In her words, every inquiry related to the case has been made from abroad. The inquiries referred to the information that over 100 gay men had disappeared in Chechnya.
"I have received inquiries from senior officials; actually, all of them were foreign. Local inquiries followed the lead of the foreign ones. There were inquiries from the British ambassador, [Council of Europe Secretary General Thorbjorn] Jagland, [Council of Europe Human Rights Commissioner Nils] Muiznieks, UN High Representative for Human Rights [Zeid bin Ra'ad], and Amnesty International regarding disappearance of over 100 gay men in Chechnya," Moskalkova said.
Moskalkova said she had made five inquiries within the limits of her powers and consistent with her rights, in particular with the Prosecutor General's Office, the Investigative Committee, the Interior Ministry and the Chechen prosecution service. All of them gave a negative answer and said that not a single crime of the sort had been registered.

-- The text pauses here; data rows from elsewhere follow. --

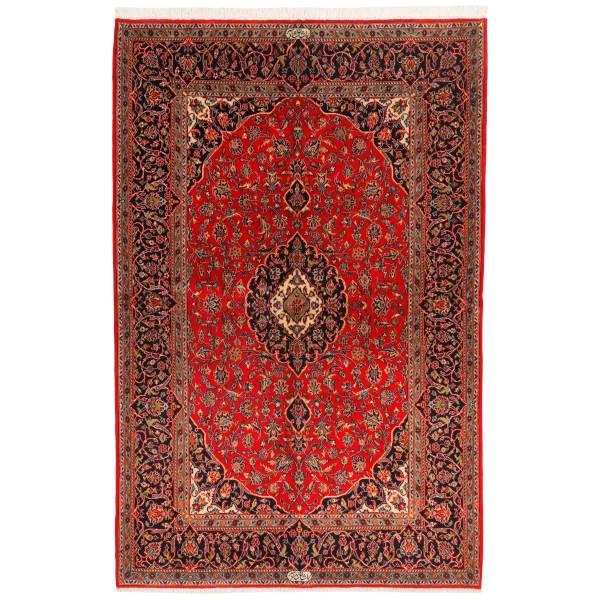Ægte Iran Keshan Tæppe - Håndlavet, 141 x 218 cm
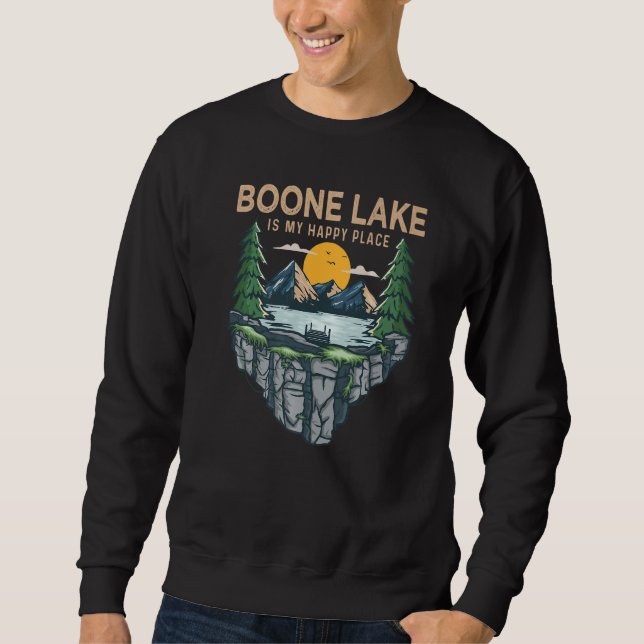 Camping mein glücklicher Ort Boone See Sweatshirt (Vorderseite)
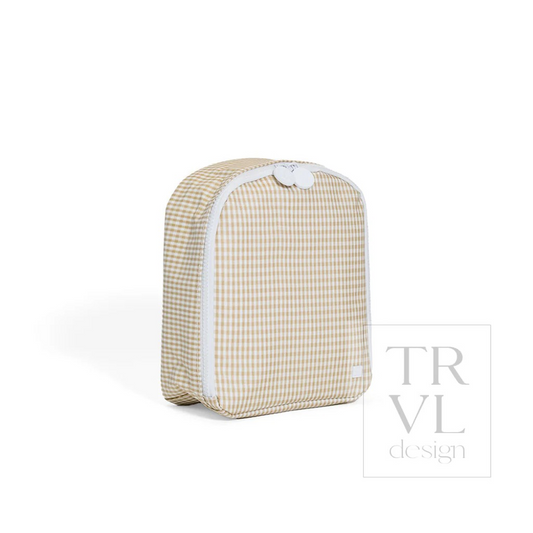 TRVL Khaki Gingham 'Bring It' Lunch Bag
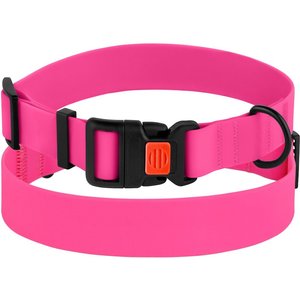CollarDirect Waterproof PVC Coated Dog Collar, Pink, Small
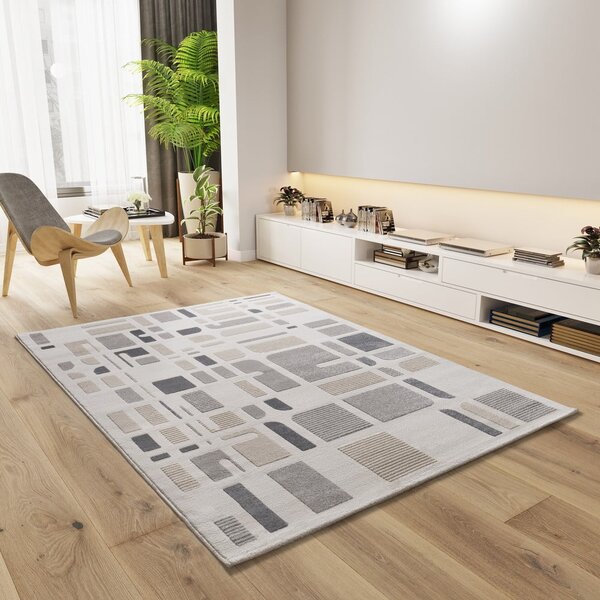 Koberec ve světle šedé a slonovinové barvě 80x150 cm Flora – Universal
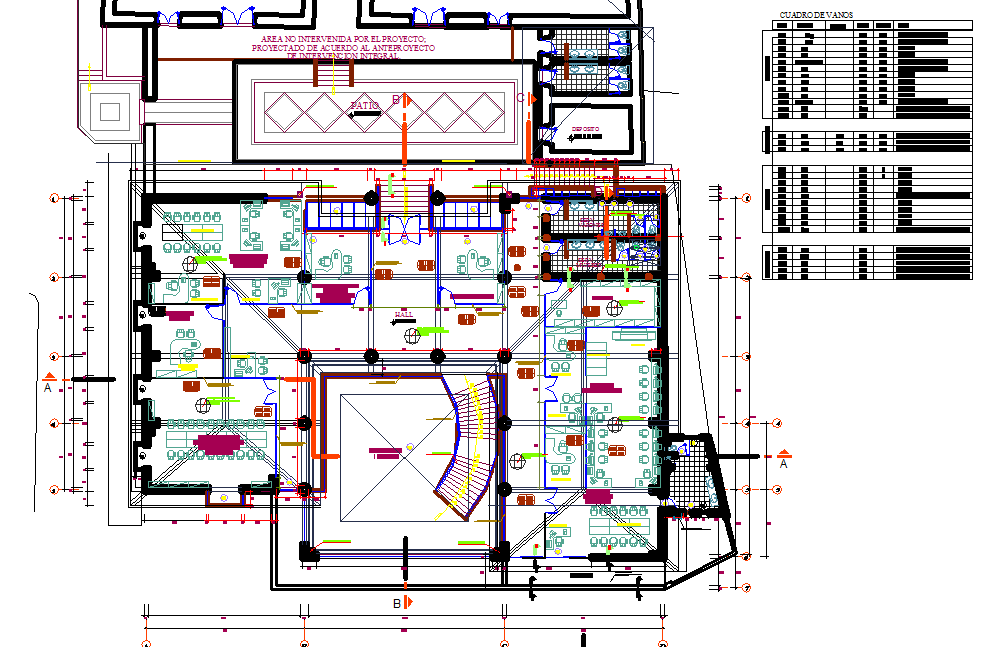Commercial plan and elevation layout detail dwg file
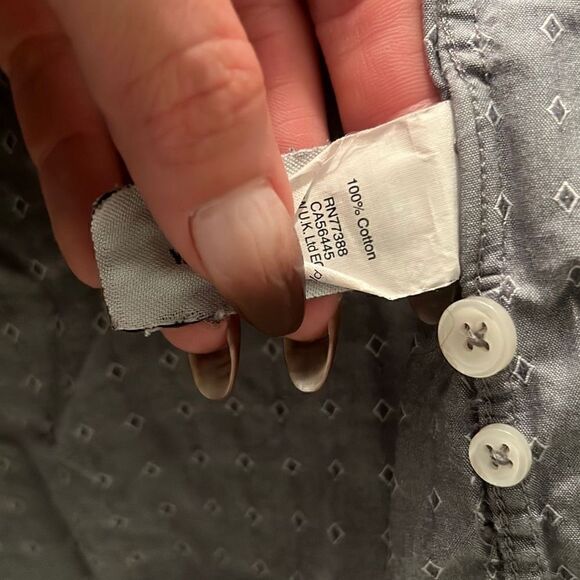 J. Crew Men's Gray Classic Geometric Long Sleeve Button Down Shirt - Picture 8 of 8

"I have spoken with the initiators who told me they were afraid. They told me about disappearances and two prisons at concrete locations in Argun, which allegedly had torture zones. I contacted human rights activists and journalists working there; they visited the locations, searched every corner and found nothing," Moskalkova said.
She said on April 18 that no missing person reports had been filed with the police in Chechnya. She also said she had asked Novaya Gazeta for names of the victims, as the lack of that information was hindering further verification process.
A report posted in Novaya Gazeta said that about 100 persons suspected of being gay had been detained in Chechnya and at least three persons more were killed.
Chechnya head Ramzan Kadyrov denied reports on the detentions and murders of civilians in the republic at the April 19 meeting with Russian President Vladimir Putin in the Kremlin.